Internet speed is a very popular misconception, and the numbers you get quoted by your isp always confuse people as the isps wrongly refer to these numbers as speed, when in fact it is bandwidth. Your data still travels at the same "speed" what increases when you pay more for your internet and get a "faster" package is the amount of data you can down/upload at the same time. for example if you upgraded from a 1mb to 10mb connection and downloaded a file yes you would receive it approx 10 times faster but thats not because you are getting it faster, it is because you are getting more of it in one go. This is an important fact to remember .I will add though Fibre optic cable is obviously faster than the old fashion copper wire based adsl connections (unless you live in the UK or Ireland where pikeys keep knicking all the copper cabling). Although fibre optic uses light the data does NOT travel at the speed of light , it actually travels at apporx 60% of the speed of light due to the light bouncing off the inside of the cables and a few other more geeky reasons like air, and light travels slower thru glass to give you a rough idea this means you will never be able to ping lower than between 70-80ms from new york to London for example with a direct connection based on the speed of light once you add the variables that slow the data down a more real world number is closer to 120ms.
When it comes to what bandwitdh you need to play online it may surprise you to know the absolute min suggested by microsoft is 512k down, 256k up , obviously this isnt going to give you a great expereince but it gives you an indication of what the architecture was designed for, As a rule of thumb your everyday run of the mill basic adsl is more than adequate. the only exception of this is if you want to get host, if so the more upload speed you have the better expereince players connecting you will have.

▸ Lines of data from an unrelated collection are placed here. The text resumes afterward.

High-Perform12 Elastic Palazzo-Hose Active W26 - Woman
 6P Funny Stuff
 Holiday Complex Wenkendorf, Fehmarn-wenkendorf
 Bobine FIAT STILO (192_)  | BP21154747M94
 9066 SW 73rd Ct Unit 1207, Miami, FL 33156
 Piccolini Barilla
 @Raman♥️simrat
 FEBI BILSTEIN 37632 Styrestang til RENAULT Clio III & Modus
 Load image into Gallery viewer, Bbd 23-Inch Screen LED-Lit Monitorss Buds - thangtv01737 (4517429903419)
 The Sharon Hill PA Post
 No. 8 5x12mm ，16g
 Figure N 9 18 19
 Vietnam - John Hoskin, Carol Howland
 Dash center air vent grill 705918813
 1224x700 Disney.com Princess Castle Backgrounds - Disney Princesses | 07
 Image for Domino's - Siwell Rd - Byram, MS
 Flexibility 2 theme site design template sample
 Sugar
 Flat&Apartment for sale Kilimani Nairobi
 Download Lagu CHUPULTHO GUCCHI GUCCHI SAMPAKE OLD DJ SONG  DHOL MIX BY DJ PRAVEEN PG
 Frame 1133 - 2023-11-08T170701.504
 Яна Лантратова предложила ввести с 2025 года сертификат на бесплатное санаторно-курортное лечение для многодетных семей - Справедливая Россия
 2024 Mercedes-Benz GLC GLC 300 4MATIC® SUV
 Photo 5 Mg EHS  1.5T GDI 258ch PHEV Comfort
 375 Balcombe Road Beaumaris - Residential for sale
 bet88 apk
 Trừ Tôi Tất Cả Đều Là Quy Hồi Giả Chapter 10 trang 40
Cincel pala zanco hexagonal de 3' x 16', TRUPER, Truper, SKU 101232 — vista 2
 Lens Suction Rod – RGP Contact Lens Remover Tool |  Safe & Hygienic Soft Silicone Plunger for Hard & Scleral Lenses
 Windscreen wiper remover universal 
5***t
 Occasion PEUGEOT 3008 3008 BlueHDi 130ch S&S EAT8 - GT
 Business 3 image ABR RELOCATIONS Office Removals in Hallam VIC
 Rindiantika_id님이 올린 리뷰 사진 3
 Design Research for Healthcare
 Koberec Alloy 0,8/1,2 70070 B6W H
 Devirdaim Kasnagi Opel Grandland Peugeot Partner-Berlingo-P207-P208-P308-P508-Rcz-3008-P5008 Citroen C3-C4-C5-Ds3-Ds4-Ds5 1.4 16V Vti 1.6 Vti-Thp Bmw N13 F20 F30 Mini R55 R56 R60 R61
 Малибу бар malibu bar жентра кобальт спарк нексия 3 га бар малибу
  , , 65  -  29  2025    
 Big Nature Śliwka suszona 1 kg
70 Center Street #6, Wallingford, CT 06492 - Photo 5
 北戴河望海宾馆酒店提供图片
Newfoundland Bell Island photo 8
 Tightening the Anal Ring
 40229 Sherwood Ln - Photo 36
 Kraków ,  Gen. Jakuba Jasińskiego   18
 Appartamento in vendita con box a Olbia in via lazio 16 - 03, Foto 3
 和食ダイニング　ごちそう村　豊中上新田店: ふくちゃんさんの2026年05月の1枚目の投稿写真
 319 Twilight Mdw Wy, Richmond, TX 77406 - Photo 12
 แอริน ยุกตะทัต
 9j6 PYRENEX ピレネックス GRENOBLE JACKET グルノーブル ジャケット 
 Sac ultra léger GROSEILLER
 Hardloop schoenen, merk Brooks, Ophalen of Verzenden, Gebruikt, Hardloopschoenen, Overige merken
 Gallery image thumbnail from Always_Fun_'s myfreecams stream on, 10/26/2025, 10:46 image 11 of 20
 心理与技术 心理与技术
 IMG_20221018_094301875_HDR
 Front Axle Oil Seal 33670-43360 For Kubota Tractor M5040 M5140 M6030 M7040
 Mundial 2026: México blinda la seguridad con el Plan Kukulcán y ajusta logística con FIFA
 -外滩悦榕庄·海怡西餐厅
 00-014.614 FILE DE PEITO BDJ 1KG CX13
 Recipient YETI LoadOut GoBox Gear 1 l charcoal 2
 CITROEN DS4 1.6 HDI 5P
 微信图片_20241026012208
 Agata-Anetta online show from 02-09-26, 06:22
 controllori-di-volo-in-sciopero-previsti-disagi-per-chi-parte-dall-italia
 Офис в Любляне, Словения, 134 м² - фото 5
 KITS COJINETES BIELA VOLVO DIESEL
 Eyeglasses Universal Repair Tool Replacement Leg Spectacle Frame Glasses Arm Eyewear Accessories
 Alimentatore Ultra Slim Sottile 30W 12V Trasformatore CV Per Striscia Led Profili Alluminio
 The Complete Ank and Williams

One comment I see alot on game forums especially in regards to cod is the "netcode" is years old, this is basically correct for the most part , There is a good reason for this though as things haven't changed for years. Internet protocols were developed at a time when connections were dial up and bandwidth was tiny, and even a good few years afterwards even something as basic as an isdn home connection was considered fast. As such even though we are now have super fast fibre optic connections that send data hurtling around the world at nearly the speed of light... the decades old protocols and the same packet sizes used back in the late 80's are still used today so running a game off years old netcode doesn't matter. Netcode doesnt just cover the way data is handled though but for the proposes of reference in forum posts and my description here thats the part i dealt with before the semantic pointer outters arrive.
So Thats the basics covered so now onto the bit you probably actually came here to read.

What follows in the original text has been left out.